------ MATERIAL PROVIDED

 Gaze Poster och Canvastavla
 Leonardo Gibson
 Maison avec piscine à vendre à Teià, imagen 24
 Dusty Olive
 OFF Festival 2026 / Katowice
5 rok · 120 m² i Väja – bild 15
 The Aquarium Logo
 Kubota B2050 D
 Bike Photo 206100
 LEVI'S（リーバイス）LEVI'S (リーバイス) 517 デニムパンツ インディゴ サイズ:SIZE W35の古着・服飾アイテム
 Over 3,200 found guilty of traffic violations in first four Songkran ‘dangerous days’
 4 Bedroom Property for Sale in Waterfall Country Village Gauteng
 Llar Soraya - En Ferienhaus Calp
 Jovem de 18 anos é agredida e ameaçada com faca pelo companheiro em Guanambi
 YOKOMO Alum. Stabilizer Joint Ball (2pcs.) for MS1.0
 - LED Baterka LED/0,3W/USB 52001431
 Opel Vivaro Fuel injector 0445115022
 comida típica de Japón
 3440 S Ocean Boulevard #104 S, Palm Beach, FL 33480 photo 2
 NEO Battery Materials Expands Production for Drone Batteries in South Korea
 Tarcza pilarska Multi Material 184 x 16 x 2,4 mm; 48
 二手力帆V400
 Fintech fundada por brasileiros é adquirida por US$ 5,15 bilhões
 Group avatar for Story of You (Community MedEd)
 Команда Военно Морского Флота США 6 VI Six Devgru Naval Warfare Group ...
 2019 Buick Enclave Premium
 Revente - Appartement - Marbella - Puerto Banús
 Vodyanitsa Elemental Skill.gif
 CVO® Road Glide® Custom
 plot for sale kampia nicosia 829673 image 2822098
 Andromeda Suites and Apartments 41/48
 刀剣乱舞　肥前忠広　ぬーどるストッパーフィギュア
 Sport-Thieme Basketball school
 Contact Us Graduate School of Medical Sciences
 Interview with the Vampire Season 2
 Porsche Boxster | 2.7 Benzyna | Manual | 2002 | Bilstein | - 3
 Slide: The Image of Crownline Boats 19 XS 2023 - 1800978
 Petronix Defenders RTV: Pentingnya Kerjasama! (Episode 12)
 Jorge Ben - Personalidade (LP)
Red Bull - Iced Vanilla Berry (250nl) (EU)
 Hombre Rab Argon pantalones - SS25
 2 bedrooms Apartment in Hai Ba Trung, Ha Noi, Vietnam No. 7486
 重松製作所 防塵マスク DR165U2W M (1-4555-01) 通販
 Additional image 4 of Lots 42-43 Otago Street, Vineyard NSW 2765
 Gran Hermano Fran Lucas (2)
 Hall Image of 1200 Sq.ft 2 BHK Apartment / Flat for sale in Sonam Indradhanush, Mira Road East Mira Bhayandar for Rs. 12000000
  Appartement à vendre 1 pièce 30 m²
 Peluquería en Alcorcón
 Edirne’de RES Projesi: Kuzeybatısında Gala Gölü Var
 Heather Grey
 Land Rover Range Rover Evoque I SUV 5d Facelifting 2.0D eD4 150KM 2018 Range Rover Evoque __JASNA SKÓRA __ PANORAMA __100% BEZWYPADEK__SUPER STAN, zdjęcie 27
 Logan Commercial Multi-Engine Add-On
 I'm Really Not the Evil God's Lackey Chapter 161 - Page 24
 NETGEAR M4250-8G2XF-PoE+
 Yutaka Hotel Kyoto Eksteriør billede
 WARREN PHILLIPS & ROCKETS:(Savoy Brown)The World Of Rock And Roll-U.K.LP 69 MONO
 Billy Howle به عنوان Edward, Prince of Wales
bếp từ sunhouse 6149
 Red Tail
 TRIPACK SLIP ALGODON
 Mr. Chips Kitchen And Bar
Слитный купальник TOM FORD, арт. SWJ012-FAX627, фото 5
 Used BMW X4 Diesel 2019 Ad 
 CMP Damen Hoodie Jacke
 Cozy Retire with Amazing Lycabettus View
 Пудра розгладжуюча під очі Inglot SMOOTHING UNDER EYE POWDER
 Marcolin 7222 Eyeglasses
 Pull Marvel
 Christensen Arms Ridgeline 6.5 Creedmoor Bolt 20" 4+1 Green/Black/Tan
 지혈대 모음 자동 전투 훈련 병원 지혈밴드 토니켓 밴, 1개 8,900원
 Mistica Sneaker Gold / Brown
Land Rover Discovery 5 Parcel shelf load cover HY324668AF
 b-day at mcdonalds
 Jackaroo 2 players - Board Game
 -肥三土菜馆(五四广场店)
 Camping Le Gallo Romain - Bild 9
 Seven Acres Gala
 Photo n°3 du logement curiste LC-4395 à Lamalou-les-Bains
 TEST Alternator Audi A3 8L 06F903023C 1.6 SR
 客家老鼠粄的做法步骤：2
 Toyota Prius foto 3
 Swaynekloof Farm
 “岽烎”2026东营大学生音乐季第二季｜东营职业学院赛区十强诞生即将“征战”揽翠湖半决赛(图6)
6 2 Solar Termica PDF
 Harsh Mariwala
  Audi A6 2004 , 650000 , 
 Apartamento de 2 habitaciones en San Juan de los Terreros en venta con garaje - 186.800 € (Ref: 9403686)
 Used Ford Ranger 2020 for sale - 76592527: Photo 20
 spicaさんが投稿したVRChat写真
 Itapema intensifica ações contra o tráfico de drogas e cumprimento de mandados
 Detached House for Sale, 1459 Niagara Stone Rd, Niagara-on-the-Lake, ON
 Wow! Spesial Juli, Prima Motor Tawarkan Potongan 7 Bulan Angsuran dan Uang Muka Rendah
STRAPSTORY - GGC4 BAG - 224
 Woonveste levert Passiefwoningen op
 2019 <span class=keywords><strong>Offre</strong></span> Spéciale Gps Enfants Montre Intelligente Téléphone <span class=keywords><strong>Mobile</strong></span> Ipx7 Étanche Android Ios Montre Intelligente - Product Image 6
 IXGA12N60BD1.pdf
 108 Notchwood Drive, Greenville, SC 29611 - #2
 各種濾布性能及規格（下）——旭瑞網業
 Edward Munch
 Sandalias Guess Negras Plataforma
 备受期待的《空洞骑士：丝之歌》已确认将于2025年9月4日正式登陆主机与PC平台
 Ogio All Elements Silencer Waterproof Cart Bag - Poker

------------

**ASSIGNMENT:**
In the listing above, locate the line containing "6 2 Solar Termica PDF" and the line containing "spicaさんが投稿したVRChat写真". Extract those two lines and every line between them, exactly as written, and only those.

**ANSWER BELOW:**
6 2 Solar Termica PDF
 Harsh Mariwala
  Audi A6 2004 , 650000 , 
 Apartamento de 2 habitaciones en San Juan de los Terreros en venta con garaje - 186.800 € (Ref: 9403686)
 Used Ford Ranger 2020 for sale - 76592527: Photo 20
 spicaさんが投稿したVRChat写真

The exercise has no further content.